Exercise requirements:
Please say how many lines in the records below contain the word "Casa". Give only the number.

=== Begin Enclosure ===

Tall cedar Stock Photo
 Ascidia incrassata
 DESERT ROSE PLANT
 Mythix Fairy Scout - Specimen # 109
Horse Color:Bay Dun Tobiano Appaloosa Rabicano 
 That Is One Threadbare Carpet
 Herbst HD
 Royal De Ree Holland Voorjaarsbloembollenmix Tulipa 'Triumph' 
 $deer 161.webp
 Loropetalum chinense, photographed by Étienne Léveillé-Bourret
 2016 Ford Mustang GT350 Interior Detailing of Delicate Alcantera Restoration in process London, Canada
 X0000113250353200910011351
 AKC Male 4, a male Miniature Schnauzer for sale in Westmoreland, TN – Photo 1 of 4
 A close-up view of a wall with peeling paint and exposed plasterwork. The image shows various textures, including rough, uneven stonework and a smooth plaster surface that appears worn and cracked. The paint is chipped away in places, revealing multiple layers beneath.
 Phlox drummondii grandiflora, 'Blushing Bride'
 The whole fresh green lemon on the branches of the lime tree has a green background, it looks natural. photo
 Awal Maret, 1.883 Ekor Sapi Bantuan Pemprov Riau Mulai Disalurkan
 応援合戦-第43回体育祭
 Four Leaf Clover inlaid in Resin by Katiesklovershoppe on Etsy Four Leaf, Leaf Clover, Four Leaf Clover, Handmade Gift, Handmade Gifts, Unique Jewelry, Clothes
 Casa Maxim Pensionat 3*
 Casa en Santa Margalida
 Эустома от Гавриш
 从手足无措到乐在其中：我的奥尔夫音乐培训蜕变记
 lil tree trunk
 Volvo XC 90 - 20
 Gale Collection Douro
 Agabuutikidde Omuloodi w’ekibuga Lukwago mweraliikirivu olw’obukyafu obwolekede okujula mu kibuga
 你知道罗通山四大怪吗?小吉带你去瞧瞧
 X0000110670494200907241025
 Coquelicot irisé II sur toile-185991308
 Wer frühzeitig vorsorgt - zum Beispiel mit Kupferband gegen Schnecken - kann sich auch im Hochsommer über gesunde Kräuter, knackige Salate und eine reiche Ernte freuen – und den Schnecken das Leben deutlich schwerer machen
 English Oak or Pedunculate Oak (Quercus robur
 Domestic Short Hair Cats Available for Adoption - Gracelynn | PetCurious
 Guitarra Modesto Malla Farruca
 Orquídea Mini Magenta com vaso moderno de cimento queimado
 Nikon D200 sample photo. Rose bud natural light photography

=== End Enclosure ===

Result:
2